2. Yargıtay İçtihadı Birleştirme Büyük Genel Kurulunun, 16.05.1956 tarihli ve 1956/1 Esas, 1956/6 Karar sayılı kararının ilgili bölümü şöyledir: “... Usûlü dairesinde istimlak muamelesine tevessül edilmeksizin gayrimenkulü yola kalbedilen şahsın, esas itibarıyla, gayrimenkulünü yola kalbeden amme hükmi şahsiyeti aleyhine meni müdahale davası açmağa hakkı olduğuna, ancak dilerse bu fiili duruma razı olarak, mülkiyet hakkının amme hükmi şahsiyetine devrine karşılık gayrimenkulünün bedelinin tahsilini de dava edebileceğine ve isteyebileceği bedelin de mülkiyet hakkının devrine razı olduğu tarih olan dava tarihindeki bedel olduğuna 16.05.1956 tarihinde ilk toplantıda ittifakla karar verildi.”

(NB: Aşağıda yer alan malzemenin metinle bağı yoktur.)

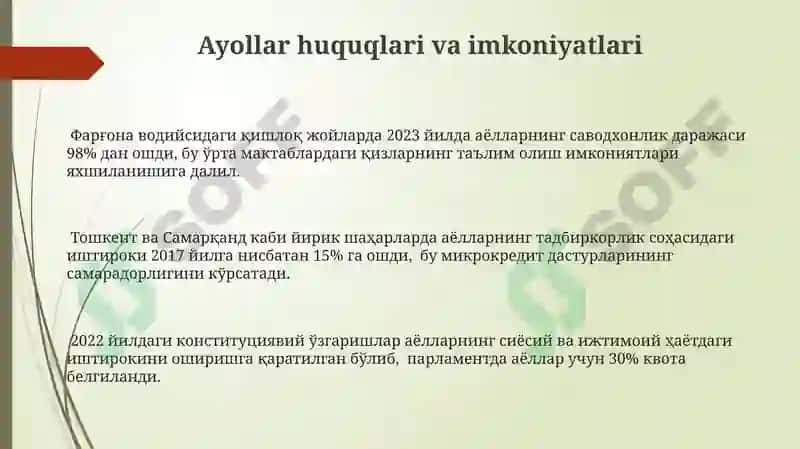 O'zbekistondagi ijtimoiy o'zgarishlar 3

3. Yargıtay İçtihadı Birleştirme Büyük Genel Kurulunun, 16.05.1956 tarihli ve 1954/1 Esas, 1956/7 Karar sayılı kararı ile “... Usûlü dairesinde istimlak muamelesine tevessül edilmeksizin gayrimenkulü yola kalbedilen şahsın, gayrimenkulünün bedelinin tahsiline ilişkin olarak, gayrimenkulünü yola kalbeden hükmü şahsiyeti aleyhine açacağı bedel davasında müruruzamanın mevzuubahis olamayacağına ve bu itibarla da, hadisede Borçlar Kanunu'nun 66. maddesinin tatbik kabiliyeti bulunmadığına ...” karar verilmiştir.

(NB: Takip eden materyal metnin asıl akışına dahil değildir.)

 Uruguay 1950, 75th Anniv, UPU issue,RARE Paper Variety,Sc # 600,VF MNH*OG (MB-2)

4. 2942 sayılı Kamulaştırma Kanunu'nun 11 inci maddesi.
3. Değerlendirme
1. Bölge adliye mahkemelerinin nihaî kararlarının bozulması 6100 sayılı Kanun’un 371 inci maddesi ile 369 uncu maddesinin birinci fıkrasında yer alan sebeplerden birinin varlığı hâlinde mümkündür.
2. Arsa niteliğindeki ... ili, ... İlçesi, ... Mahallesi 218 ada 1 parsel sayılı taşınmaza emsal karşılaştırması yapılarak değer biçilmesinde isabetsizlik görülmemiştir.
3. Temyizen incelenen karar, tarafların karşılıklı iddia ve savunmalarına, dayandıkları belgelere, uyuşmazlığa uygulanması gereken hukuk kuralları ile hukukî ilişkinin nitelendirilmesine, dava şartlarına, yargılama ve ispat kuralları ile kararda belirtilen gerekçelere göre usul ve kanuna uygun olup temyiz dilekçesinde ileri sürülen nedenler kararın bozulmasını gerektirecek nitelikte görülmemiştir.
VI. KARAR
Açıklanan sebeplerle;
Davalı idare vekilinin yerinde görülmeyen tüm temyiz itirazlarının reddi ile usul ve kanuna uygun Bölge Adliye Mahkemesi kararının 6100 sayılı Kanun’un 370 inci maddesinin birinci fıkrası uyarınca ONANMASINA,
Davalı idare harçtan muaf olduğundan harç alınmamasına yer olmadığına,
Dosyanın İlk Derece Mahkemesine, kararın bir örneğinin Bölge Adliye Mahkemesine gönderilmesine,
02.05.2023 tarihinde oy birliğiyle karar verildi.